In the United States, Texas is a state that has seen its political landscape evolve dramatically since it was first established as a one-party Democratic state. The rise of other political parties and factions within the two major parties has caused an increase in potential for conflict between differing viewpoints and ideologies. As this shift has occurred, so too have changes in the social and economic make up of the population of Texas, creating further potential for conflict among groups with varying interests and goals. This essay will discuss how these changes have led to an overall increase in potential for conflict within the state today compared to when it was a one-party Democratic state.
First, as Texas transitioned away from being a one-party state towards becoming more politically competitive, various demographic changes accompanied this shift (Hirsh 2018). Specifically, many exurban areas around cities saw large increases in their populations due to both internal migration from rural areas combined with immigration into those same areas (Hirsh 2018). In addition to bringing new people into these areas that had different views than local residents born there did on politics and policy, they also brought new cultural influences as well (Hirsh 2018). This combination of differing perspectives along with culture clashes between various groups created greater possibilities for conflicts amongst them over issues ranging from taxes to educational policies or anything else but especially those where there were conflicting opinions regarding beliefs about race or gender roles (Hirsh 2018).
Why is there greater potential for conflict in the plural now than when Texas was a one-party Democratic state
Secondarily, multiple factions within each political party vying for control creates even more divisions along regional lines where candidates may be fighting for votes by playing up differences instead of looking at what unites them all (Corrigan 2019). For example, while Texas Republicans are generally united behind socially conservative values like supporting gun rights or opposing abortion access; there are significant divisions among Congressman representing different regions on issues such as free trade or immigration reforms(Corrigan 2019). Similarly Democrats may have similar stated positions on issues like healthcare access or income inequality but actually differ greatly when it comes down to deciding which specific policies should be implemented which can create further divides between party members depending upon who controls the agenda. All these differences leave room open for increased levels of disagreement between different individuals over not only policy solutions but also questions about what principles should guide decisions made by elected officials representing their constituents’ best interests.

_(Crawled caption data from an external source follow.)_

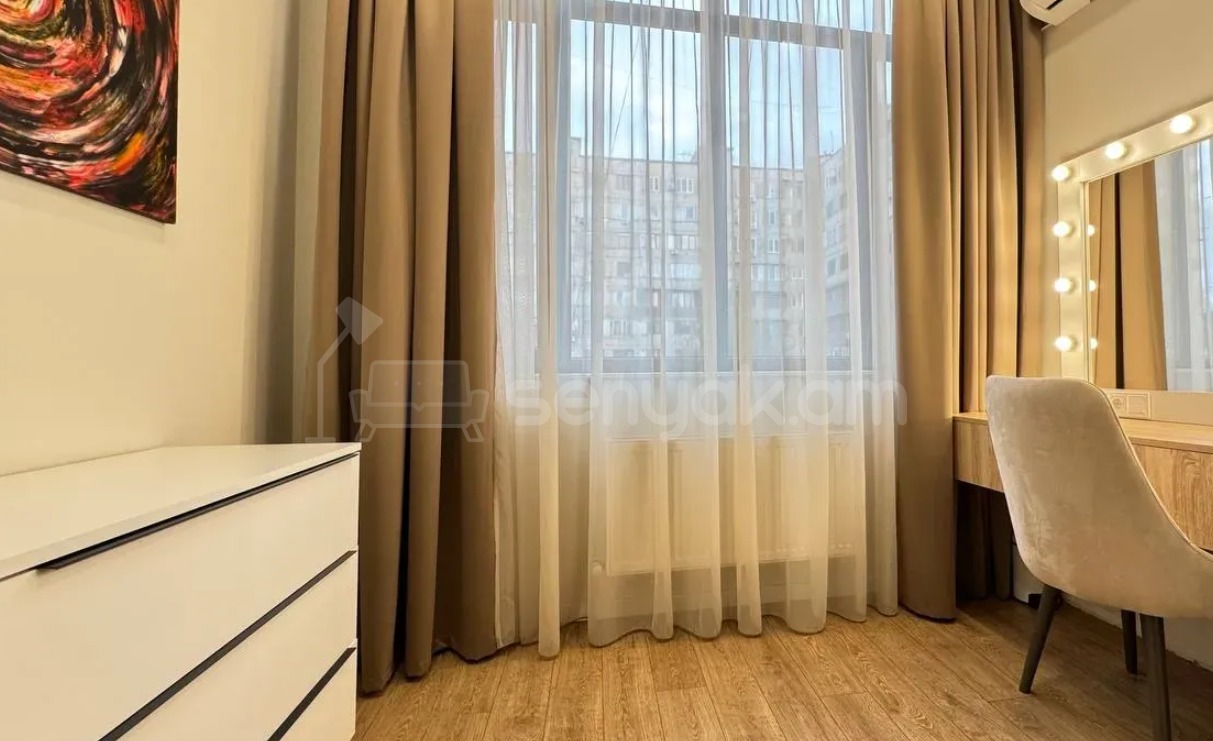 3 Սենյականոց Բնակարան Քարե Շենքում, 84քմ, 3/4 հարկ, Դիզայներական Վերանորոգված, Կահավորված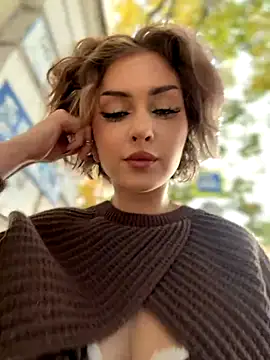 KellyKeler online show from November 6, 1:01 pm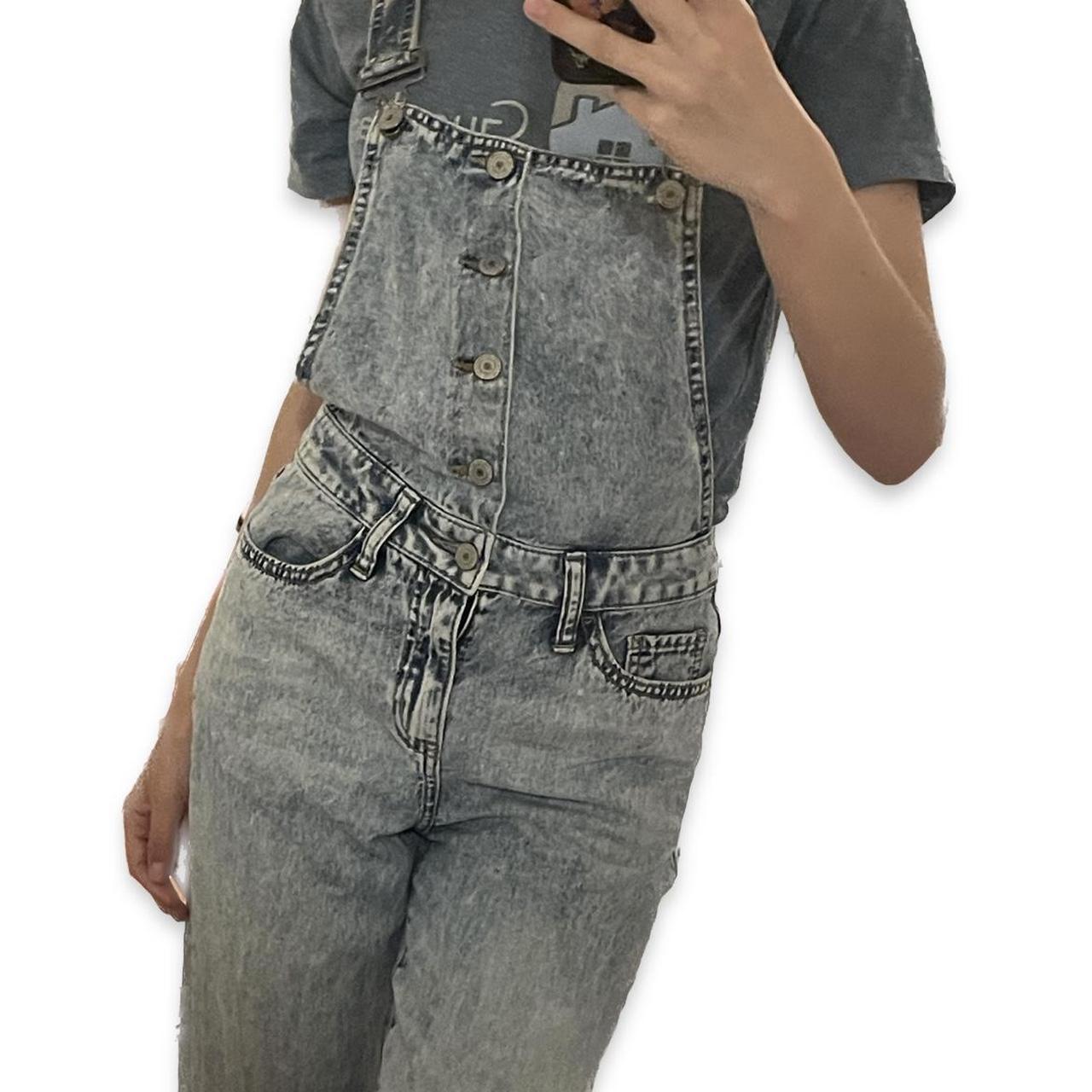 super cute overalls brand is SO size is xs,... Depop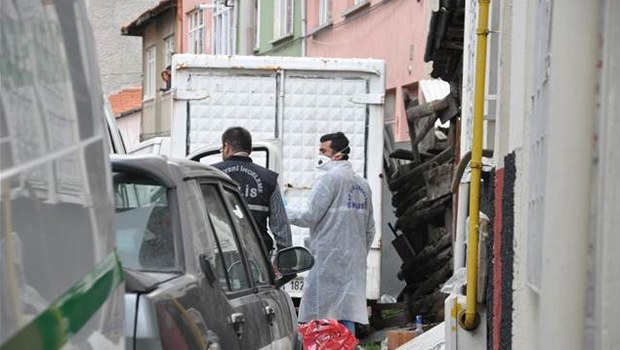 Garajda ağzı ve gözleri bantlı, poşete sarılı ceset bulundu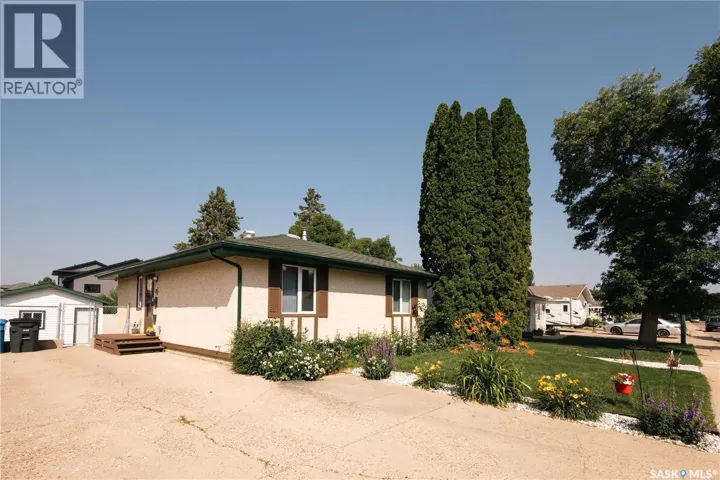 631 Buchanan DRIVE, Prince Albert, Saskatchewan S6V5Z7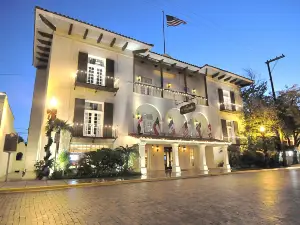 La Posada Hotel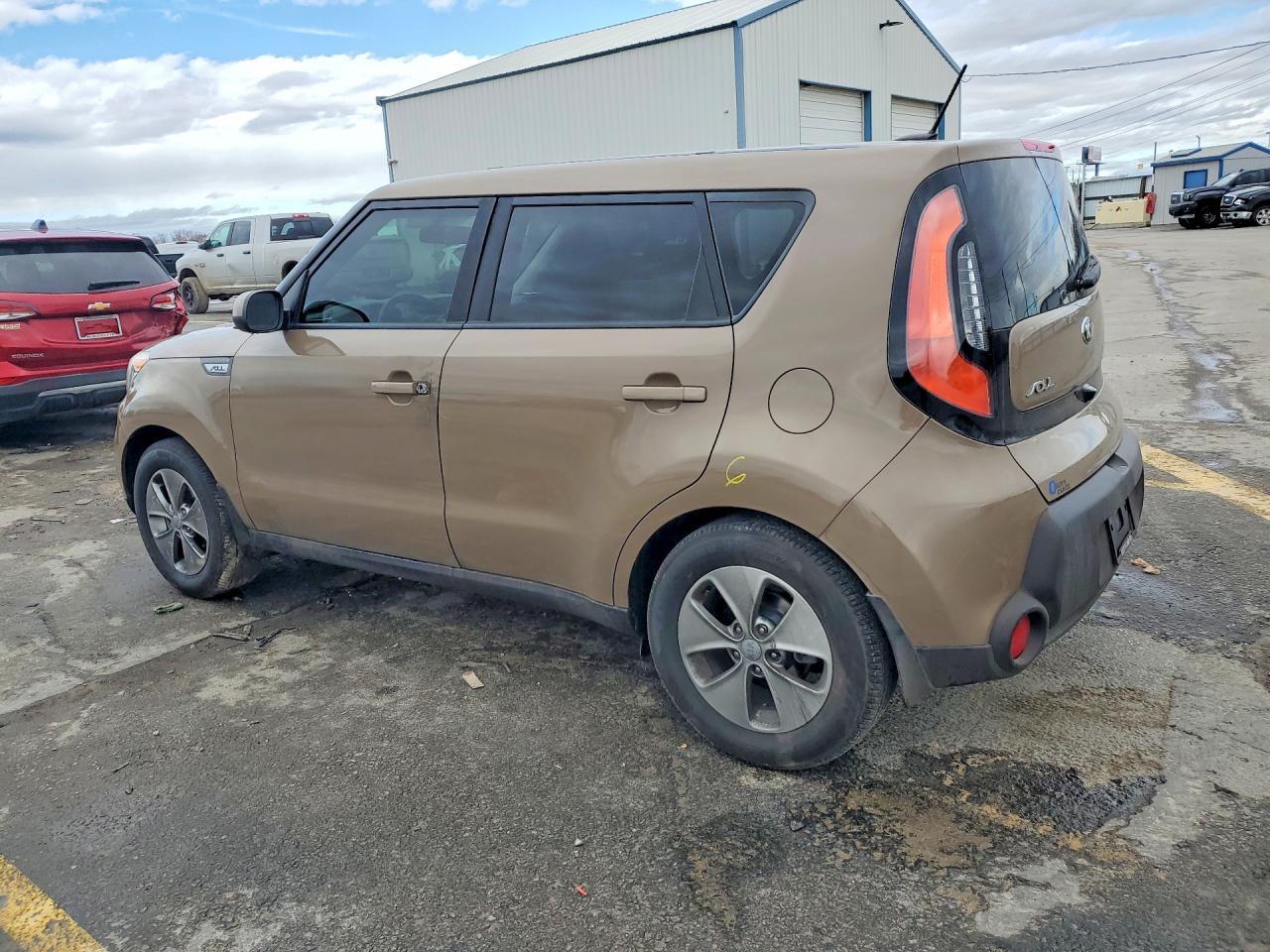 2016 Kia Soul - Image 2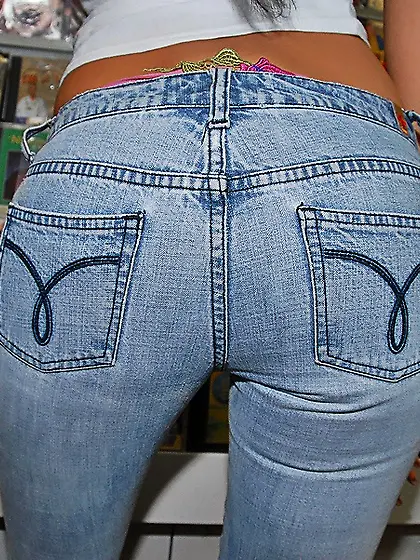 Skinny teenage bimbo with small boobies seduces a handsome man i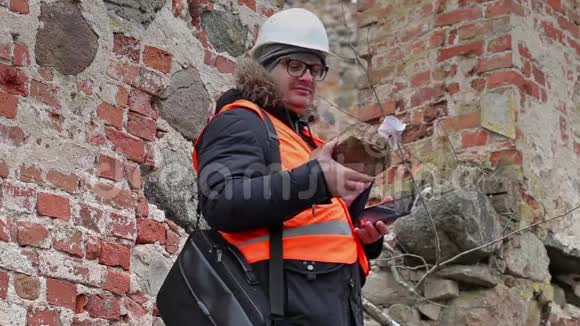建筑检查员检查旧遗址的砖视频的预览图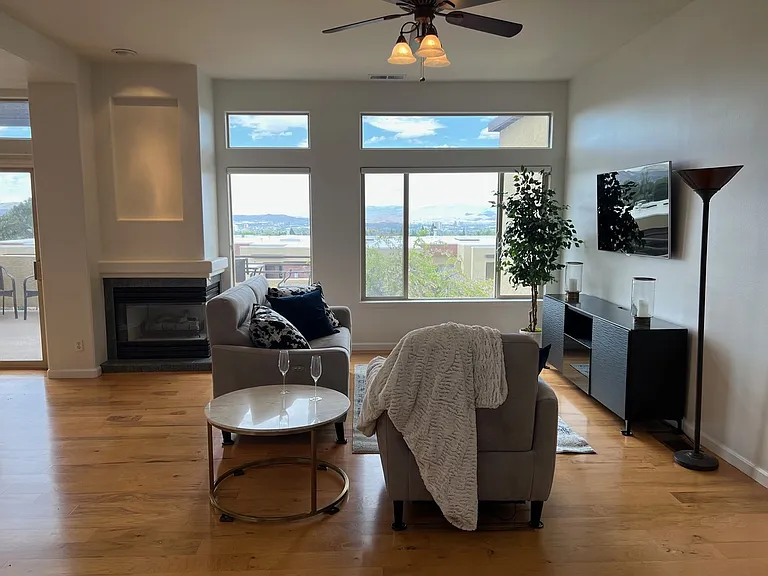 3329 Skyline Blvd — Photo 2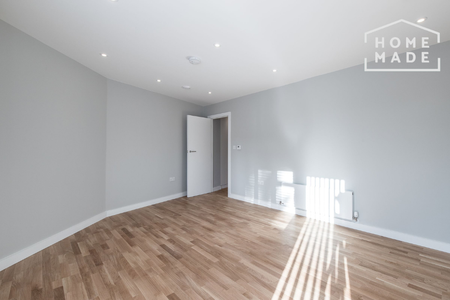 4 bedroom flat to rent - Photo 5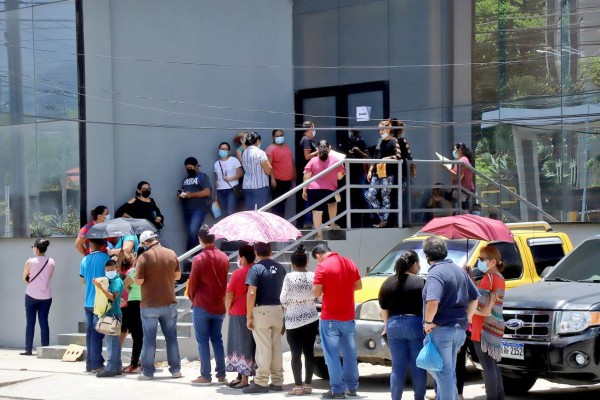 Usuarios abarrotan nueva oficina del Registro en San Pedro Sula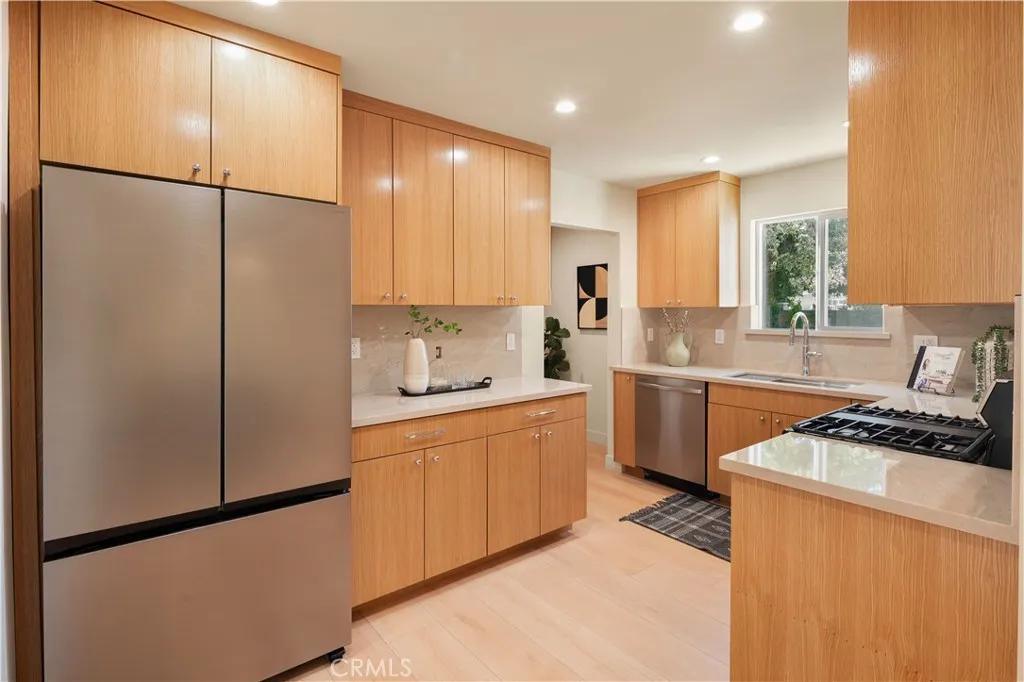 2039 Rutgers, Long Beach, California 90815 home-pic-8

The result is an environment full of opportunities for potentially explosive conflicts between different types of Texans living together in close quarters with diverse backgrounds either economically or culturally speaking (Rodriguez 2014). With so many competing factors making up an individual’s view on certain topics such as taxes or education funding any sort of real dialogue becomes difficult if not impossible because no single side holds absolute power over another any longer thanks largely due partly Texas’ changing demographics making sure neither side dominates completely anymore(Rodriguez 2014). As former Governor Ann Richards said “Texas is much more plural now-than when I grew up…it’s complicated”(Richards 1992), however Richards believed that this complexity could bring out both positive and negative effects leading Texan citizens closer towards understanding each other better while ultimately resulting in better decision being made by elected officials at all levels (Richards 1992) .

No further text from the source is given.